I recently rebuilt the Cornwall24 website in the hope that upgrading from a 3 year old verwion of PostNuke to a new version of WordPress might stop the site taking down the server by overloading MySQL at least once a week.
Unfortunately it actually made things worse!

So I decided to take the bull by the horns and find out what exactly was causing the overload and how I could increase MySQL performance.

my.cnf

A good starting point is the MySQL config file on your server. Mine is located at /etc/my.cnf. It seems the default set up and example files are for 1970s server with 32mb of RAM!

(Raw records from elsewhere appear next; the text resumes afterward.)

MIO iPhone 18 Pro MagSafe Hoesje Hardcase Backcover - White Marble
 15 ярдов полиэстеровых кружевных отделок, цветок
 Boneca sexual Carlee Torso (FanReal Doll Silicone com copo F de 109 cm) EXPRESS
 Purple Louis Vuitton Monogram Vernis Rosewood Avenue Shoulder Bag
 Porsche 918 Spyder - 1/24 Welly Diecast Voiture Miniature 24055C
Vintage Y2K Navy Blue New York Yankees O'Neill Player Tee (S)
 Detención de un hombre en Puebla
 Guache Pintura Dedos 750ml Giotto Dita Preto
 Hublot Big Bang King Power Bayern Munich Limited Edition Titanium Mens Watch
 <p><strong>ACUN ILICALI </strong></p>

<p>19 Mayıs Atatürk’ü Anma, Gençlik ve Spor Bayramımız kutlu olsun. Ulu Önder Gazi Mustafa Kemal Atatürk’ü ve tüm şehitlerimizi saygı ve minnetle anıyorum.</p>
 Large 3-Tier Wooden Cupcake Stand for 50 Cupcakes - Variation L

For a modern server with 1gb of RAM the my-large.cnf is probably a good starting point (you can find these in /usr/share/doc/mysl-server-[versio]) .
From here there are several tweaks but perhaps the biggest improvement will be by making sure caching is turned on.

Under the [mysqld] config settings add:

query_cache_type=1
query_cache_limit=1M
query_cache_size=32M

Log Slow Queries

The best way to find out what is hogging your MySQL resources is to log slow queries. This is done by adding something like the following lines of code to your my.cnf:

log-slow-queries = slow.log
long_query_time = 2

This will write any query taking more than 2 seconds to the slow query log. I used a relative path here as absolute ones didn’t seem to work on my server. The slow log can be found in the MySQL data folder at /var/lib/mysql on my box

NOTE: you’ll need to restart MySQL for any of the above changes to take effect:

/etc/init.d/mysqld restart

Optimising Slow Queries

Armed with the information from the slow query log you can set about tweaking the queries that are slowing things up. The slow log gives us several useful bits of info besides the query itself. This includes time taken and number of rows examined – if this number is particularly high then it probably means your table’s indexes need looking at (it usually is)

The EXPLAIN Command

MySQL’s EXPLAIN command is perhaps your most useful tool in working out what indexing strategy to use. I’m only going to touch on this as it is a pretty complicated topic that I barely understand myself!

The useful info that can be gleaned from the EXPLAIN command are whether the indexes you have set up are being used for a particular query. To use the EXPLAIN command just place ‘EXPLAIN’ in front of the query you are analysing.